Sosyal ağların iki yüzü
1 hafta içerisinde ülkemizde iki büyük acı yaşandı. Önce yıllardır Türkiye'ye büyük acılar yaşatan terör belasına 24 şehit verdik. Birkaç gün sonra ise Van'da meydana gelen depremde yüzlerce insanımız yine ihmalin, vurdumduymazlığın, çarpıklığın ve telaffuz edemediğimiz daha birçok öznenin, sıfatın altında kaldılar, can verdiler. Şehitlerimize ve depremde yaşamını yitirenlere Allah'tan rahmet, geride kalan yakınlarına sabır diliyorum. Hepimizin başı sağ olsun.

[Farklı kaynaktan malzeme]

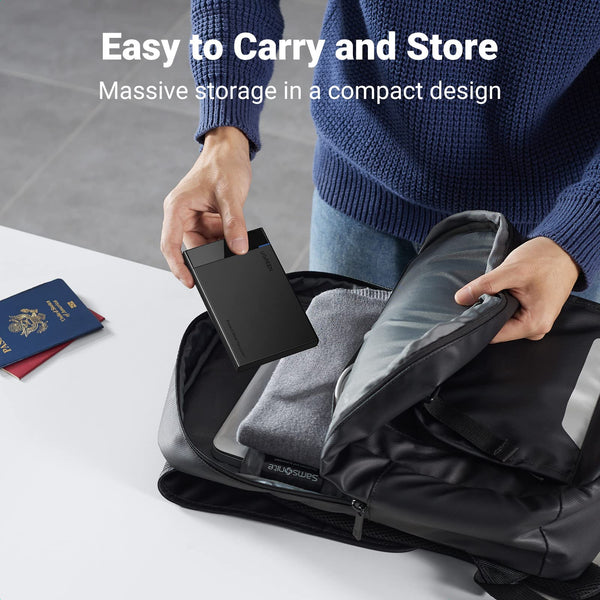 UGREEN 2.5 Inch Hard Drive Enclosure, 5Gbps SSD Enclosure, External USB 3.0 SATA HDD Caddy, SSD Reader UASP Supported, Hard Drive Caddy Compatible with 2.5 Inch SSD HDD EVO 870 WD Crucial Drive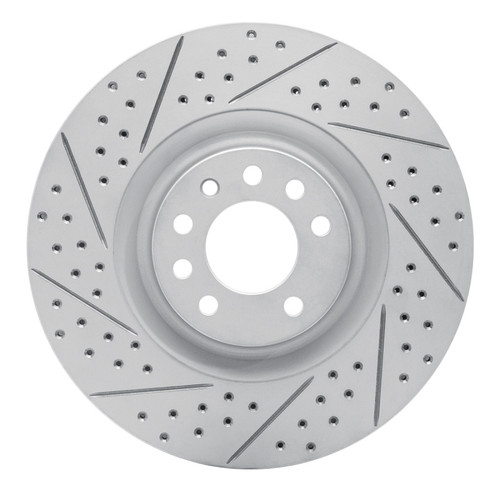 R1 08-11 Saab 9-3 Front Left Drilled & Slotted Geo-Carbon Rotor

Tüm bu olayların hemen sonrasında başta Twitter olmak üzere sosyal ağlarda ciddi hareketlenmeler oldu. Özellikle deprem sonrasında yardım çağrıları, gerçekten de hepimizi duygulandıran, içimizi umutla dolduran destek mesajları ve depremden zarar görmüş kişilerin bulunmasına yönelik bilgilendirici mesajlar büyük fayda sağladı, halen sağlamaya devam ediyor. Ancak ne yazık ki bir kısım kişilerin de hem toplum sağlığını etkileyen anlamsız Twitter mesajları hem de benzer yardım taleplerinin sürekli tekrar edilmesi ile meydana gelen kirlilik ciddi sıkıntı yaratmaya başladı. Sosyal ağların günümüzde ne kadar güçlü oldukları defalarca ispatlandı. Arap baharını tetikleyen isyanlarda yoğun olarak kullanıldı. İngiltere'de meydana gelen isyanda, sosyal ağların yanı sıra akıllı telefonların da hem irtibatlanmada hem de örgütlenmede yoğun bir şekilde kullanıldığını gördük. Şimdi ise finans merkezleri önünde yapılan işgal eylemlerinde sosyal ağlar önemli bir rol üstleniyor.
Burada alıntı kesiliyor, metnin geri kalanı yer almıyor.